Corrió al invernadero. Ávidamente se inclinaba sobre las orquídeas, los girasoles y las dalias. La cabeza le daba vueltas. Los ojos se empañaban de lágrimas. Un solo nombre en sus labios: David. Lo invocaba como una plegaria, lo repetía como un conjuro. Las notas jubilosas de una canción criolla ascendían desde el patio; los invitados reían y se arrojaban puñados de confeti; otros devoraban manjares y bebidas: el Atolito, el Guarapo, los Niños Desnudos, el Mojón del Perro y el Bien me Sabe. Pero en sus oídos percutían tan sólo los versos del poema: No somos más que apariencia. La vida es corta. Sombras que andan caminando. Después que goce, nada me importa.
No había bebido aún y se descubrió borracha. Todo se paralizaba en torno a ella. En el vestíbulo se oían pasos, susurros, voces sin sentido.
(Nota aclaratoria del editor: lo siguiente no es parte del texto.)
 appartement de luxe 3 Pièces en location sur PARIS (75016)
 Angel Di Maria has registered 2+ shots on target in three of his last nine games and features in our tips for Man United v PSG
Las parejas bailaban al ralentí, igual que trompos, y se inmovilizaban poco a poco. La consigna había llegado a los músicos, que abandonaban sus instrumentos. Únicamente un mulato pulsaba las cuerdas de su guitarra y el sonido le produjo el efecto de una descarga eléctrica. Comenzó a temblar. Sentía una sed horrible y, a tientas, buscó un vaso de agua. «Por favor, por favor.» Los invitados retrocedían a medida que se acercaba y, en silencio, se despojaban de sus caretas y antifaces. Sus rostros estaban pálidos, como cubiertos de una lámina de cera: la miraban y no decían nada.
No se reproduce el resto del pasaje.